Словарный же порядок видится здесь и впрямь счастливой находкой, потому что на самом деле никогда нельзя знать, что именно из того, что удалось вспомнить, — окажется самым-самым важным. “Жвачка”, “двушка” и “пятак” на самом деле способны всерьез поспорить в этом отношении за первенство со, скажем, “коммунизмом” или “борьбой” — хотя бы уже потому, что эти последние — вещи вполне умозрительные, а первые переживались как часть личного чувственного опыта.
Благодаря разности авторов — и разному их возрасту (соответственно — различной степени сформированности советским), и многообразию их умственных устройств и душевных стилей — картина складывается столь же дробная, сколь и объемная; столь же широкоохватная, сколь и неровная. Поэтому из нее, со всеми ее верными случайностями, можно многое узнать не только о том, что и как было в советскую эпоху, но и об устройстве самой исторической памяти — по крайней мере, в тех ее слоях, в которых она еще составляет единство с памятью биографической. О тесной взаимосвязи и упрямой необходимости друг другу всех ее элементов.
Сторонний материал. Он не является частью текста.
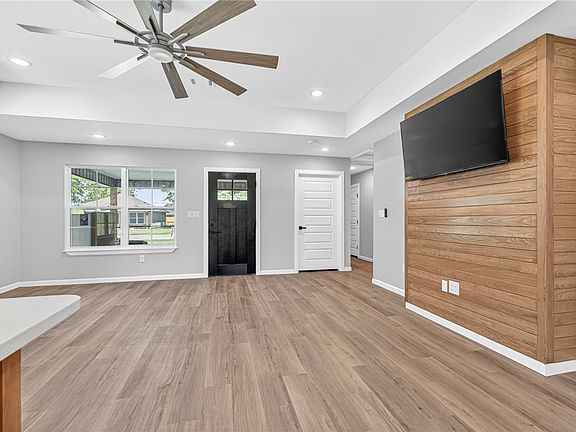 4th image of 2021 N 30th St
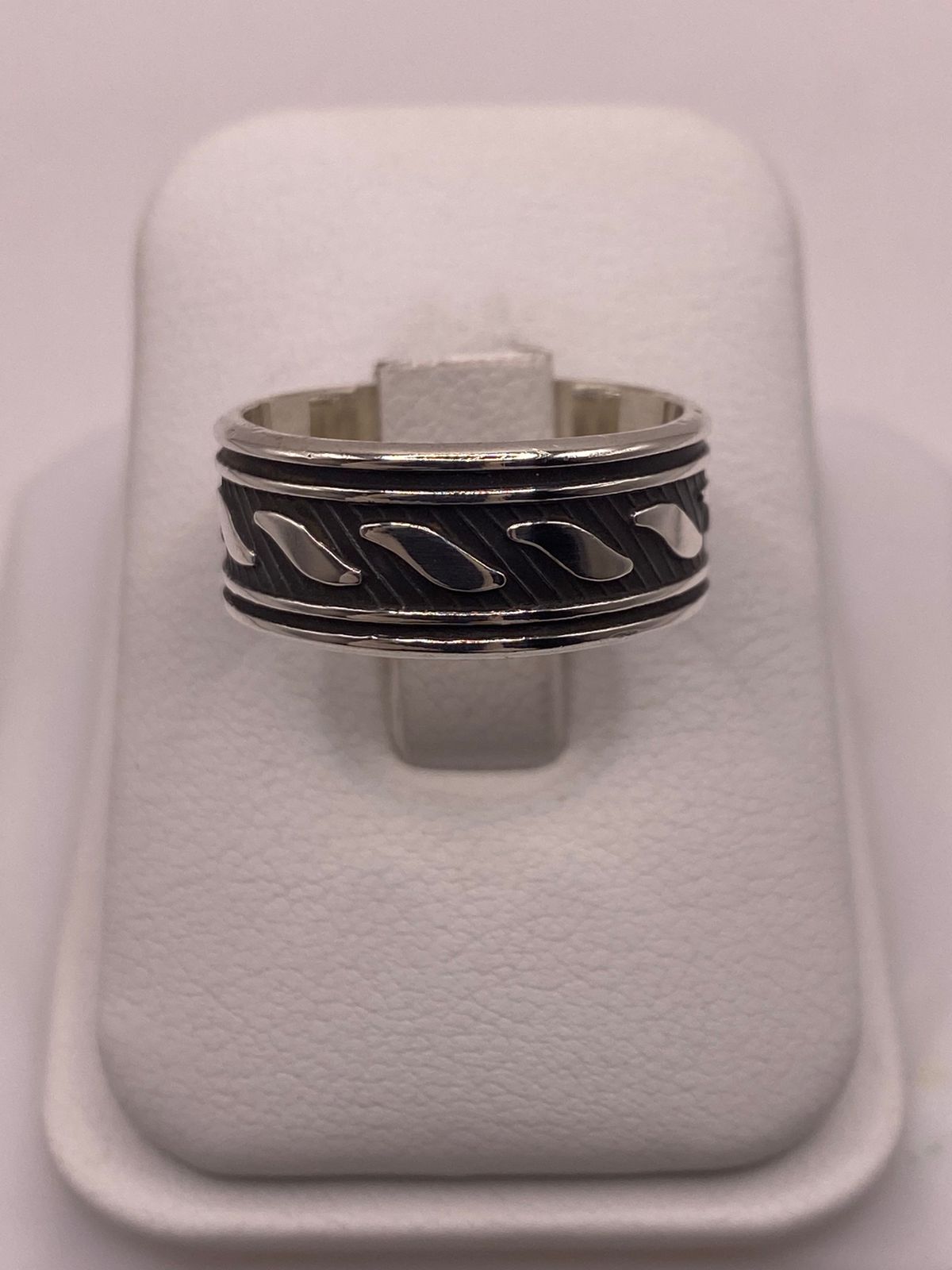 Anillo de Plata 925 con Banda Texturizada y Detalles de Hojas Pulidas, sello de autenticidad Plata Ley .925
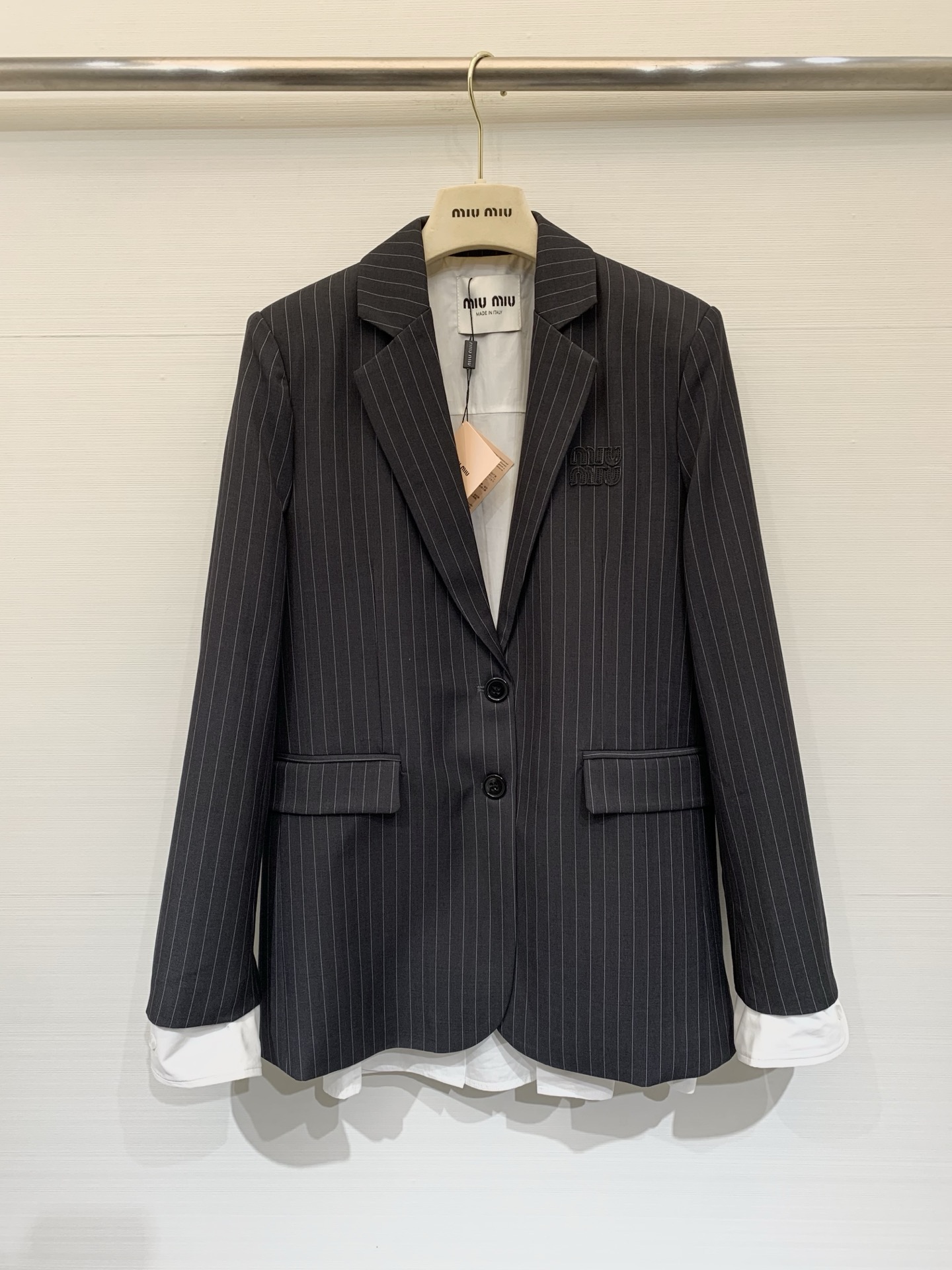 NO:756956,MIUMI* early spring classic new style striped suit fake two-piece jacket with letter patch embroidery on the chest code number SML P,,miumiu,jackets & coats,business suit,19860909MIUMI* 早春系经典新款 条纹西装假两件外套 胸前字母贴布绣点缀 码数SML P,,miumiu,jackets & coats,business suit,,Women's clothing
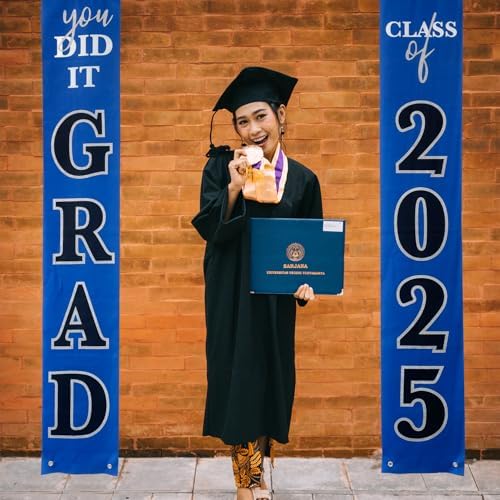 Class of 2025 Graduation Banner Black Gold 1
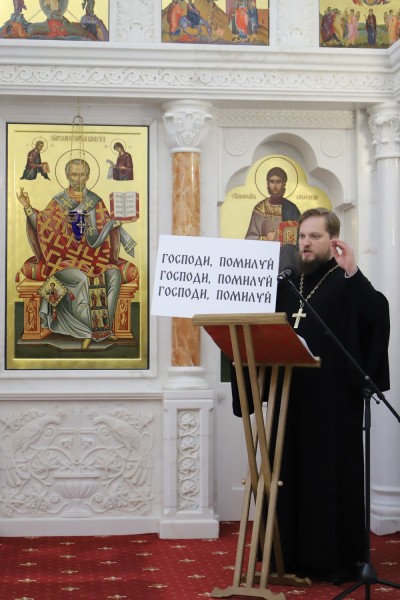 Миссионерская Литургия для детей в Никольском соборе Красногорска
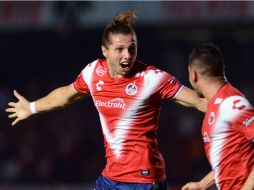 Agustín Vuletich  festeja su anotación. El Veracruz rompió una racha de ocho derrotas consecutivas. MEXSPORT / L.Monroy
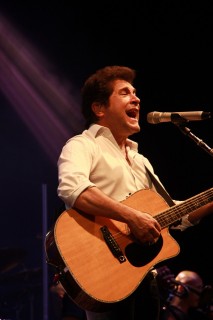 
<a style='margin-left: 5px;' class='btn btn-xs btn-social btn-facebook' href='https://www.facebook.com/sharer/sharer.php?u=https://www.galeramix.com.br/imagem/a37/800-800-90/conteudo/site_galerias/37/daniel-centro-eventos-petry-galera-mix-27-07-20175.jpg' rel='popup' data-width='500' data-height='400'><i class='fa fa-facebook'></i>Compartilhar <span class='hidden-xs'>no Facebook</span>
</a> 
<a class='btn btn-default btn-xs' target='_blank' href='imagem/a37/800-800-90/conteudo/site_galerias/37/daniel-centro-eventos-petry-galera-mix-27-07-20175.jpg'>
<span class='glyphicon glyphicon-cloud-download'></span> Salvar
</a>
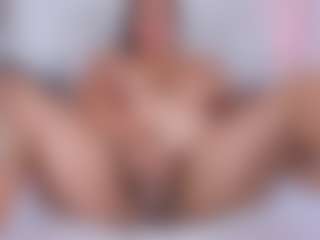 Live cam show with KataThonpson - Granny Dildo on Milfs Live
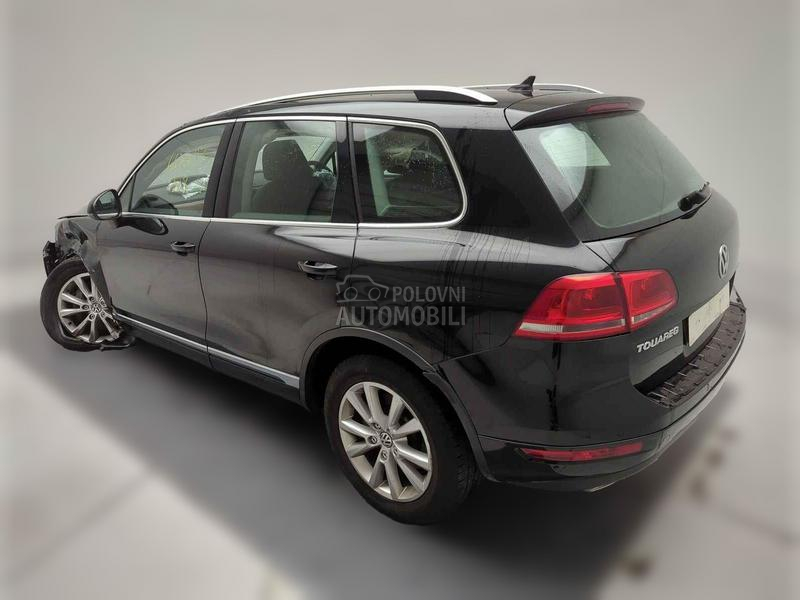 Volkswagen Touareg 3.0 CASA 2010. god. -  kompletan auto u delovima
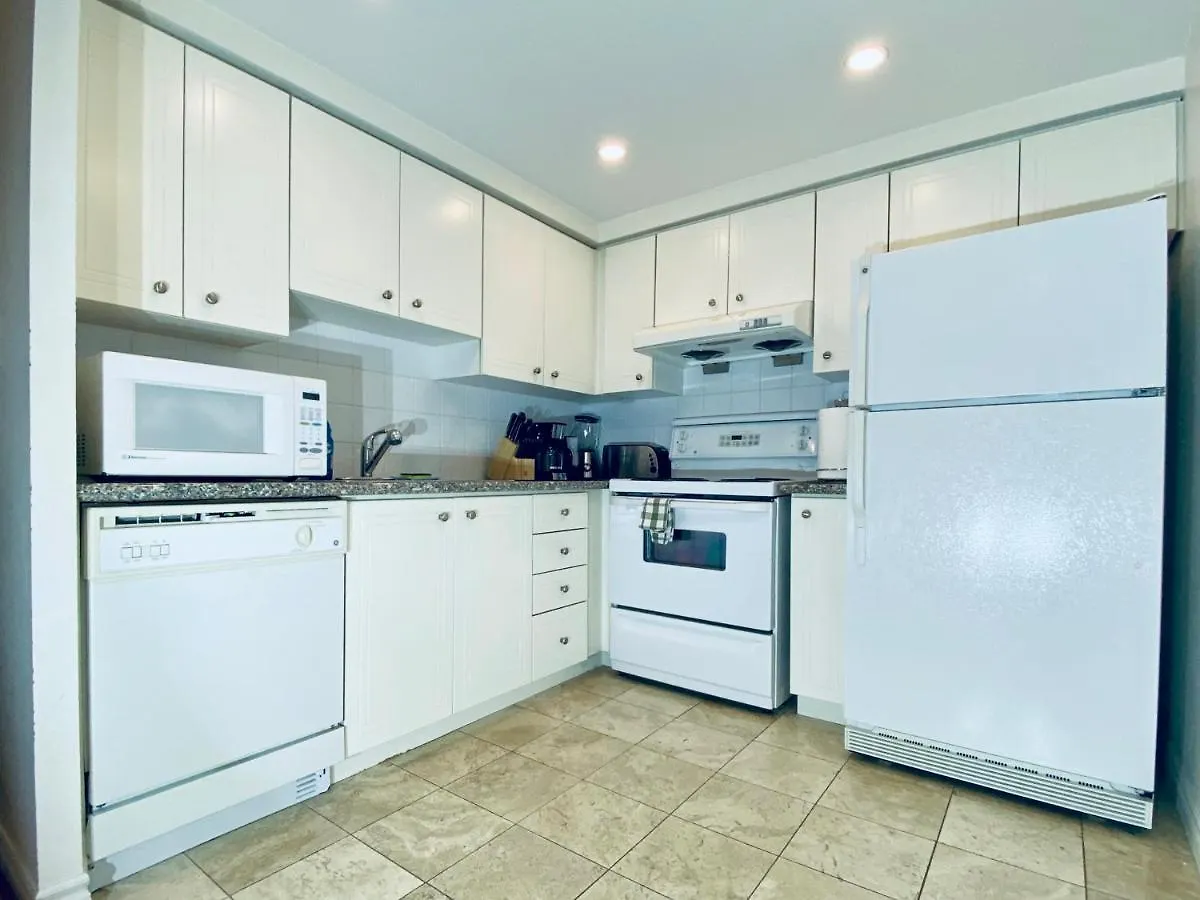 Apartment City Stay Condos - Downtown Toronto, Simcoe Street Canada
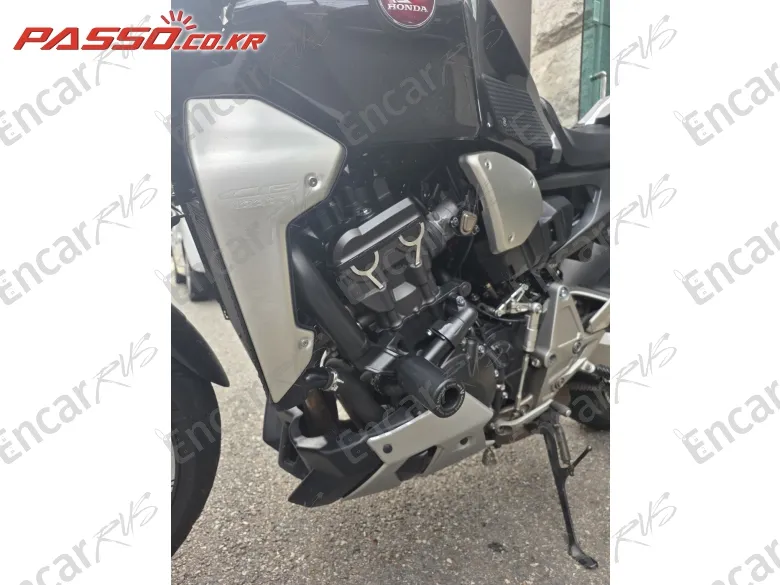 HONDA CB 1000 R - фото 4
Поэтому, хотя до энциклопедичности советскому опыту пока далеко, хотя связанная с его осмыслением культурная работа далеко еще не завершена — мы видим, что всякое живое, дикорастущее и непричесанное воспоминание о нем энциклопедично само в себе. Принципиальная неполнота каждого из них с избытком искупается его неминуемой — хочется даже сказать, неконтролируемой, разрастающейся на глазах — многосторонностью.
Вот тот же Чанцев вспоминает, казалось бы, всего-то о походах по позднесоветским гастрономам. И что же? Память об этом, будучи извлечена на свет, немедленно тянет за собой воспоминания и о соответствующем пласте тогдашнего языка — своеобразной лексике, которой обрастала в конце 80-х практика добывания еды (“выбросили”, “записалась”…), и о тех чувствах, которыми все это было окутано для ребенка-наблюдателя (“это было даже весело”), и дальше — о переживании школы, в которую приходилось ходить тогда же (тут уже начинаются вещи совершенно всечеловеческие, не связанные ни с чем специфически советским “есть с раннего утра и перед волнением школы все равно не хотелось”, “было как-то свободно (несмотря на уроки), как оно, понятно, бывает только в детстве”), и о песне Дэвида Боуи, которая пелась хоть и не тогда, но вспоминается сейчас почему-то вместе с тем временем — соответственно, составляет теперь с ними единый смысловой комплекс. Вспоминая о связанной с теми же магазинами разнице между “сходить в гастроном” и “сбегать (сгонять) в гастроном” (понятно, что первое, более спокойное — за едой, второе, более интенсивное — за выпивкой), Андрей Лебедев переходит к рассказу и о парижской ностальгической сети русских продовольственных магазинов, и об особенностях их именования и нумерации (слово “гастрономъ” в их имени, вопреки советским орфографическим нормам, неизменно заканчивается “дореволюционным твердым знаком”, а очень совет-ская вроде бы по виду нумерация: № 14,
№ 17 — обозначает номер не самого магазина, а “парижского округа, арондисмана, в котором тот расположен”). Таким образом, в книгу, на равных с прочим правах, попадают и следы, которые совет-ское, уйдя, оставило в постсоветской и внесоветской среде. Вместе с “Двушкой” Лебедеву вспоминается — о нет, не практика бросания ее в прорезь телефона-автомата! — но цитаты из Гребенщикова и другой, англоязычной, рок-песни тех времен; связанные с этим самым телефоном-автоматом “любовные метания и вообще драматическая срочность, выход за пределы предсказуемо-житейского”, когда, при необходимости срочно позвонить, двушку надо было искать, просить у прохожих — “Не разменяете, а?!” — “горящие глаза, конец вязаного шарфа сполз и болтается под ногами” (вот “двушка” притащила нам и особенности одежды того времени, и этикета уличного общения…).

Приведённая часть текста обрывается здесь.